■ Problem to solve:
Transcribe all the data, leaving each word as it is.

■ Data:
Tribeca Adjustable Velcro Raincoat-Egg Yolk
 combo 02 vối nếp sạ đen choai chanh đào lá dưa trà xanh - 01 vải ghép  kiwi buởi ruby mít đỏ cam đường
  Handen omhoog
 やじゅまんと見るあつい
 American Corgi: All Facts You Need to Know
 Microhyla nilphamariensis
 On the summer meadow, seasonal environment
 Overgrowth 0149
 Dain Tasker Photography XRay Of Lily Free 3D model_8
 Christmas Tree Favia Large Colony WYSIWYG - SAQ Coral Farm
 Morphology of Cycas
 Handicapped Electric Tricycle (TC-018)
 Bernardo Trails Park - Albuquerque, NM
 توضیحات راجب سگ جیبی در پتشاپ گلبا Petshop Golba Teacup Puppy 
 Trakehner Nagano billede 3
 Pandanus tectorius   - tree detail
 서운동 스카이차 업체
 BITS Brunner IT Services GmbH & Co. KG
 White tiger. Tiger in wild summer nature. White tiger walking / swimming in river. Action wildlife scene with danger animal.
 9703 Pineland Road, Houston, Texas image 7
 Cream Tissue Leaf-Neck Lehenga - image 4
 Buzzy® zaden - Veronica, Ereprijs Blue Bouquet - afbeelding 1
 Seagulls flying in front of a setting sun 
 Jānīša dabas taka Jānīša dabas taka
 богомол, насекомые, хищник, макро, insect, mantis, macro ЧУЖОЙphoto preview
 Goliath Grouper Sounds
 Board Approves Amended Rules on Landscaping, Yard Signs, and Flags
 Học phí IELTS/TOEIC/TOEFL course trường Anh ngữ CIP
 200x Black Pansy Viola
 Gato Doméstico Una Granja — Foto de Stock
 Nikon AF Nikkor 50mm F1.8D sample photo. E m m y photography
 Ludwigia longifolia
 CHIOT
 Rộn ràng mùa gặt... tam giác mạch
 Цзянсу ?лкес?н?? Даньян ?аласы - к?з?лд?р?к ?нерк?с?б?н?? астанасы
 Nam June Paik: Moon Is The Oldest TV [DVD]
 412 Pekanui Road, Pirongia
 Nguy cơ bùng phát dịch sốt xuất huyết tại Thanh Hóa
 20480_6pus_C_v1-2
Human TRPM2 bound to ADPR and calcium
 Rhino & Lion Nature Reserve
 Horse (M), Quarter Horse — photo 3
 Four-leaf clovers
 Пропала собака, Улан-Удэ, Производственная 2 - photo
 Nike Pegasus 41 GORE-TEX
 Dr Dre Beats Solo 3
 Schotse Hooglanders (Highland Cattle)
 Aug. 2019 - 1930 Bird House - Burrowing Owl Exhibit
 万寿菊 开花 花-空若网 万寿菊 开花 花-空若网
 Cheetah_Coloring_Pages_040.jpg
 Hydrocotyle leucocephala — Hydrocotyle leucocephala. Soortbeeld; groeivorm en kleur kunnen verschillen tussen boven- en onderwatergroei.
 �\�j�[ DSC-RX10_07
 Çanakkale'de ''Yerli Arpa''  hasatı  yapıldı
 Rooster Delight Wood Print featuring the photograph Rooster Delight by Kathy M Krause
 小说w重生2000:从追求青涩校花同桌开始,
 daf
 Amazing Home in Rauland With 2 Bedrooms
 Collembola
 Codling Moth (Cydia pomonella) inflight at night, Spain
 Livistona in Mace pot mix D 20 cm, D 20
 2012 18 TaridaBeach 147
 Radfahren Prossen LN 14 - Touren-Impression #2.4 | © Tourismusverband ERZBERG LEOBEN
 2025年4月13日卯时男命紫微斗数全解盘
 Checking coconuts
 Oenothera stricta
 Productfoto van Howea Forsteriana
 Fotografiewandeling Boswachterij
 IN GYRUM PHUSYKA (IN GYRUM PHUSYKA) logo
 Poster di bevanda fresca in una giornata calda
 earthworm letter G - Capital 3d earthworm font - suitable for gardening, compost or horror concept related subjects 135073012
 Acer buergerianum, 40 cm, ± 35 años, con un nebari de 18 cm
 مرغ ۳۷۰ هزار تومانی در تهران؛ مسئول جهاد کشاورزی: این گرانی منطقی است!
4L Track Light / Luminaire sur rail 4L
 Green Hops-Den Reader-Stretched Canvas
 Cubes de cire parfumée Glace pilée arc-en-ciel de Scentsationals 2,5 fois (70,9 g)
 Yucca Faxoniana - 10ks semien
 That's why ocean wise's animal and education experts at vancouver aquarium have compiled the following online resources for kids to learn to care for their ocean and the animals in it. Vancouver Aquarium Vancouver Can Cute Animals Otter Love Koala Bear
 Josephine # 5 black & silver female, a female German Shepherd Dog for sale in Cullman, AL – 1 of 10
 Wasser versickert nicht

■ Expected answer:
Tribeca Adjustable Velcro Raincoat-Egg Yolk
 combo 02 vối nếp sạ đen choai chanh đào lá dưa trà xanh - 01 vải ghép  kiwi buởi ruby mít đỏ cam đường
  Handen omhoog
 やじゅまんと見るあつい
 American Corgi: All Facts You Need to Know
 Microhyla nilphamariensis
 On the summer meadow, seasonal environment
 Overgrowth 0149
 Dain Tasker Photography XRay Of Lily Free 3D model_8
 Christmas Tree Favia Large Colony WYSIWYG - SAQ Coral Farm
 Morphology of Cycas
 Handicapped Electric Tricycle (TC-018)
 Bernardo Trails Park - Albuquerque, NM
 توضیحات راجب سگ جیبی در پتشاپ گلبا Petshop Golba Teacup Puppy 
 Trakehner Nagano billede 3
 Pandanus tectorius   - tree detail
 서운동 스카이차 업체
 BITS Brunner IT Services GmbH & Co. KG
 White tiger. Tiger in wild summer nature. White tiger walking / swimming in river. Action wildlife scene with danger animal.
 9703 Pineland Road, Houston, Texas image 7
 Cream Tissue Leaf-Neck Lehenga - image 4
 Buzzy® zaden - Veronica, Ereprijs Blue Bouquet - afbeelding 1
 Seagulls flying in front of a setting sun 
 Jānīša dabas taka Jānīša dabas taka
 богомол, насекомые, хищник, макро, insect, mantis, macro ЧУЖОЙphoto preview
 Goliath Grouper Sounds
 Board Approves Amended Rules on Landscaping, Yard Signs, and Flags
 Học phí IELTS/TOEIC/TOEFL course trường Anh ngữ CIP
 200x Black Pansy Viola
 Gato Doméstico Una Granja — Foto de Stock
 Nikon AF Nikkor 50mm F1.8D sample photo. E m m y photography
 Ludwigia longifolia
 CHIOT
 Rộn ràng mùa gặt... tam giác mạch
 Цзянсу ?лкес?н?? Даньян ?аласы - к?з?лд?р?к ?нерк?с?б?н?? астанасы
 Nam June Paik: Moon Is The Oldest TV [DVD]
 412 Pekanui Road, Pirongia
 Nguy cơ bùng phát dịch sốt xuất huyết tại Thanh Hóa
 20480_6pus_C_v1-2
Human TRPM2 bound to ADPR and calcium
 Rhino & Lion Nature Reserve
 Horse (M), Quarter Horse — photo 3
 Four-leaf clovers
 Пропала собака, Улан-Удэ, Производственная 2 - photo
 Nike Pegasus 41 GORE-TEX
 Dr Dre Beats Solo 3
 Schotse Hooglanders (Highland Cattle)
 Aug. 2019 - 1930 Bird House - Burrowing Owl Exhibit
 万寿菊 开花 花-空若网 万寿菊 开花 花-空若网
 Cheetah_Coloring_Pages_040.jpg
 Hydrocotyle leucocephala — Hydrocotyle leucocephala. Soortbeeld; groeivorm en kleur kunnen verschillen tussen boven- en onderwatergroei.
 �\�j�[ DSC-RX10_07
 Çanakkale'de ''Yerli Arpa''  hasatı  yapıldı
 Rooster Delight Wood Print featuring the photograph Rooster Delight by Kathy M Krause
 小说w重生2000:从追求青涩校花同桌开始,
 daf
 Amazing Home in Rauland With 2 Bedrooms
 Collembola
 Codling Moth (Cydia pomonella) inflight at night, Spain
 Livistona in Mace pot mix D 20 cm, D 20
 2012 18 TaridaBeach 147
 Radfahren Prossen LN 14 - Touren-Impression #2.4 | © Tourismusverband ERZBERG LEOBEN
 2025年4月13日卯时男命紫微斗数全解盘
 Checking coconuts
 Oenothera stricta
 Productfoto van Howea Forsteriana
 Fotografiewandeling Boswachterij
 IN GYRUM PHUSYKA (IN GYRUM PHUSYKA) logo
 Poster di bevanda fresca in una giornata calda
 earthworm letter G - Capital 3d earthworm font - suitable for gardening, compost or horror concept related subjects 135073012
 Acer buergerianum, 40 cm, ± 35 años, con un nebari de 18 cm
 مرغ ۳۷۰ هزار تومانی در تهران؛ مسئول جهاد کشاورزی: این گرانی منطقی است!
4L Track Light / Luminaire sur rail 4L
 Green Hops-Den Reader-Stretched Canvas
 Cubes de cire parfumée Glace pilée arc-en-ciel de Scentsationals 2,5 fois (70,9 g)
 Yucca Faxoniana - 10ks semien
 That's why ocean wise's animal and education experts at vancouver aquarium have compiled the following online resources for kids to learn to care for their ocean and the animals in it. Vancouver Aquarium Vancouver Can Cute Animals Otter Love Koala Bear
 Josephine # 5 black & silver female, a female German Shepherd Dog for sale in Cullman, AL – 1 of 10
 Wasser versickert nicht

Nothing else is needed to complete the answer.